December 2013
Google was introduced in 1998 in a paper published by Stanford graduate students Larry Page and Sergey Brin. In this paper they outlined the details behind their PageRank algorithm for calculating the importance of webpages on the internet. In its simplest form, the algorithm gives a page an importance score based off of the number of other pages that link to it. Google uses this importance score to sort the pages in their search result list, which helps eliminate junk results and bring relevant results to the top of the list.
The original Google logo from 1998!
To get into the details of the algorithm a small amount of graph theory is involved, and a larger amount of linear algebra. I gave a presentation on these details for a graph theory class I was in recently. Check out the slides here!
The PageRank algorithm is a great example of how math can be applied to solve important problems in computer science. The linear algebra and graph theory fit beautifully into solving the PageRank problem, demonstrating how well these two abstract fields can be used to model the real world.

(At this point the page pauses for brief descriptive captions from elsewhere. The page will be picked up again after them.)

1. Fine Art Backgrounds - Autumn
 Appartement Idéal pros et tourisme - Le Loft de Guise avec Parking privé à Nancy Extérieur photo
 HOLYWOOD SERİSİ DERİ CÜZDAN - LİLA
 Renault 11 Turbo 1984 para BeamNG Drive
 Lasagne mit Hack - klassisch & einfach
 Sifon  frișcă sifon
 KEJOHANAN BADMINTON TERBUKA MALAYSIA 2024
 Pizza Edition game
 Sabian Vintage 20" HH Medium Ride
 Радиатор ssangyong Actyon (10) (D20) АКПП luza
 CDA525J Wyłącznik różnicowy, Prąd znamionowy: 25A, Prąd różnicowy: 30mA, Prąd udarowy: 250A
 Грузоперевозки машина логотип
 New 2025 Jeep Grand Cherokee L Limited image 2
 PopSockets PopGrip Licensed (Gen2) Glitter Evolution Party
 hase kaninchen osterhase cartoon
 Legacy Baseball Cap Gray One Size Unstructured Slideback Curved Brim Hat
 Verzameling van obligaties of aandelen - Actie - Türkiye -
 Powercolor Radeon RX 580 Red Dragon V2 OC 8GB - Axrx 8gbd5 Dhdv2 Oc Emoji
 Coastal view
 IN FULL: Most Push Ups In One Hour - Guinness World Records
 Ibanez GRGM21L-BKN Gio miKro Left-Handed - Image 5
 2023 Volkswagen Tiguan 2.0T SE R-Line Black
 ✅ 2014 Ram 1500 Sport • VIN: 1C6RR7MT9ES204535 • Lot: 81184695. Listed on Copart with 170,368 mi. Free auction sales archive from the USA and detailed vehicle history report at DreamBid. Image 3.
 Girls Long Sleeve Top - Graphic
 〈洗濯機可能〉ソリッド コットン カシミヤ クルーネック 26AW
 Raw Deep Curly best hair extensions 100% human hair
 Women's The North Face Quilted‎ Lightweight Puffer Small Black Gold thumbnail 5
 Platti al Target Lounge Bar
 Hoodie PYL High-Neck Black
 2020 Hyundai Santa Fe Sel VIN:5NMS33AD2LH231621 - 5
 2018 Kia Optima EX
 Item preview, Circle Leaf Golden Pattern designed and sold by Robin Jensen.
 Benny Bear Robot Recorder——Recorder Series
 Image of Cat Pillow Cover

During the project I also spent some time playing with web crawlers and did some crawling of the WWU website using the Scrapy Python module. The initial goal was to perform PageRank on all the pages within the wwu.edu domain, but it turned out to be more difficult then I anticipated translating the complex hyperlink structure into a simple and complete web that would work well for PageRank. From my experience it seems gathering, cleansing, and making sense of data is rarely as quick and easy as it sounds.